The monetary pact that established the euro as a common currency requires member countries to limit their budget deficits to 3 percent of gross domestic product and their government debt-to-GDP ratios to 60 percent. The euro crisis began when Greece's budget deficit reached 12.7 percent and it debt to GDP hit 113.4 percent in 2009. A rescue fund of almost $1 trillion was established through the European Central Bank to bail out Greece and other countries if necessary. After bailing out Ireland, there should still be enough left in the fund to bail out Portugal and Spain. But what happens then? Italy has the third-largest economy in the euro-zone and a debt-to-GDP ratio of 118.5 percent, and half of its debt is financed from abroad. Belgium is considered less risky because it has high household savings and stronger economic fundamentals than the bailout recipients, but it has a debt-to-GDP ratio of 100 percent. The country's debt is fully funded until April, but then what?
Where is all this going? The 17-nation euro zone (Estonia was recently added) as a whole has a budget deficit of around 6%—twice what is supposed to be the maximum, while its debts are around 84% of GDP, again far in excess of the maximum.

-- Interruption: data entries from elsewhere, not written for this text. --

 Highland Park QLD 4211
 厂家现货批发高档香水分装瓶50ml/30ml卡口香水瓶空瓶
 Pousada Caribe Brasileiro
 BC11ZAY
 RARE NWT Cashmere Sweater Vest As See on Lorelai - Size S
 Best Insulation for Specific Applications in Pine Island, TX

The brunt of the cost of the bailouts thus far has been borne by Germany, the largest and economically strongest country in Europe, but other countries in the European Union are required to contribute. Even those who themselves have deficit problems. Thus each bailout to which the other weak countries are forced to contribute further weakens their own economies, making it more difficult for them to correct their deficits and more likely to require a bailout.

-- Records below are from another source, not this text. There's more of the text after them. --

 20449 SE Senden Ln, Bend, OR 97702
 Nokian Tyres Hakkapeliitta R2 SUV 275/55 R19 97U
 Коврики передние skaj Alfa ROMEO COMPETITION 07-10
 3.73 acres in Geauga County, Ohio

The markets are expressing great skepticism about the future of the euro. The struggling European countries are forced to borrow money at rising interest rates that reflect increased risk. In early January, Portugal had to pay about 1.6 percentage points higher than its last 6-month auction in September. Portuguese 10-year notes were selling 4.07 percentage points above comparable German debt. As the struggling countries are forced to pay higher costs for borrowing, it becomes more difficult for them to revive their economies and reduce their deficits.
Will Germany continue to pay the bulk of bailout costs? Will German taxpayers and voters ultimately refuse to pay the cost of bailing out most of the rest of Europe? Nobody knows. The markets, however, are not displaying optimism that a satisfactory solution will be worked out.

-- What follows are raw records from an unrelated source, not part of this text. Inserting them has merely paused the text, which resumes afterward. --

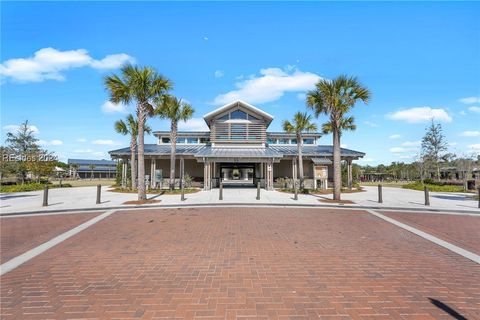 A home in Hilton Head Island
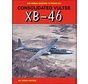 Consolidated Vultee XB46: Air Force Legends #221 softcover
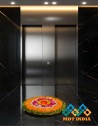 Onam Ready to use Pookkalam Plastic Flower 2 FT
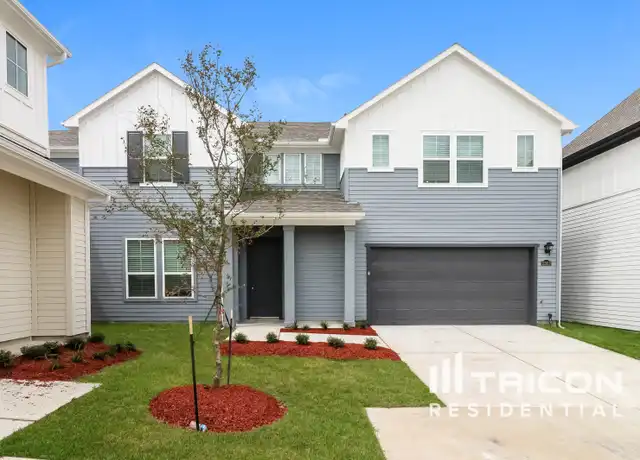 Property at 22813 Terrazzo Dr, Katy, TX, 77449, 3 beds, 2.5 baths, [object Object]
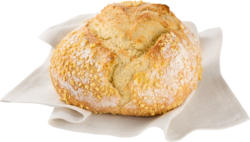 Pain de maïs avec farine IP-SUISSE , 350 g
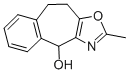 CAS#: 28237-14-1, 9,10-Dihydro-2-Methyl-4H-Benzo[5,6]Cyclohept[1,2-d]Oxazol-4-Ol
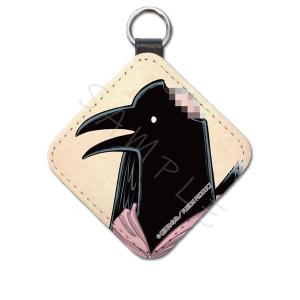 レザーチャームG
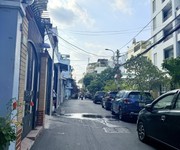 Cư xá Bắc Hải - 3 bước ra CV Lê Thị Riêng - 50m2 x 5 tầng - vừa ở vừa kinh doanh.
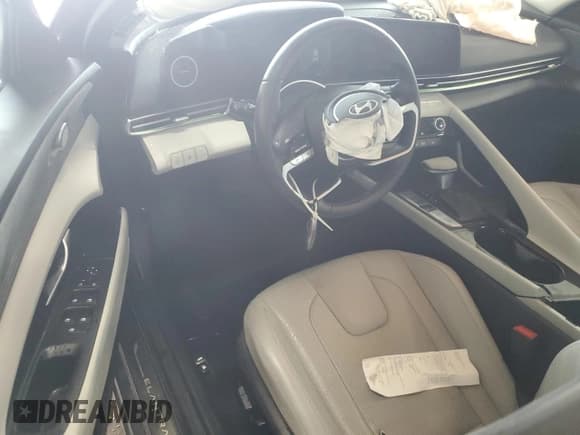 ✅ 2024 Hyundai Elantra Limited • VIN: KMHLP4DG7RU660903 • Лот: 90655015. Опубликован ранее на Copart с пробегом 64 016 миль. Бесплатный доступ к архиву аукционных продаж из США и подробный отчёт об истории автомобиля на DreamBid. Изображение 8.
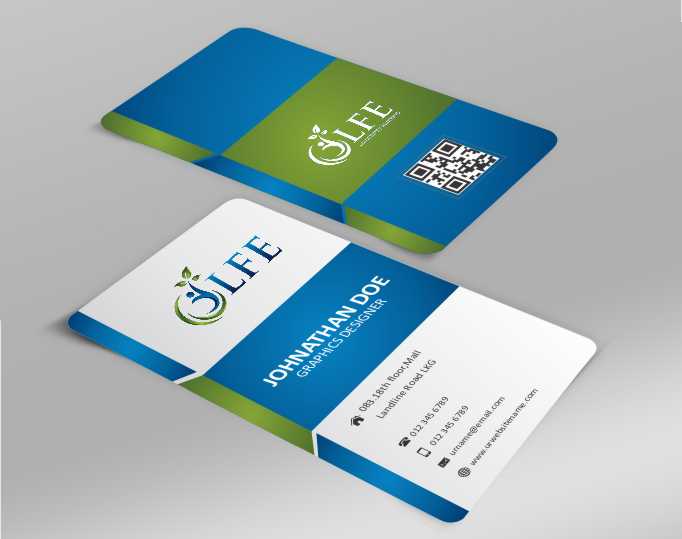 Design de Carte de Visite par AwsomeD pour ce projet | Design #5969510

For now, much of the investment world views the dollar as a safer haven than other currencies, especially the euro, which has been declining steadily against the dollar. But how long will the dollar remain strong if U.S. housing prices continues to slide, banks face renewed difficulties, state and municipal bond markets are stressed, unemployment remains high, and our own federal deficits continue to climb as far as the eye can see? The U.S. is already running a budget deficit of over 11% and has a debt-to-GDP ratio of about 92%. Who will bail out the U.S.? At this point, it is worth reflecting on Alan Greenspan's comment “fiat money has no place to go but gold.”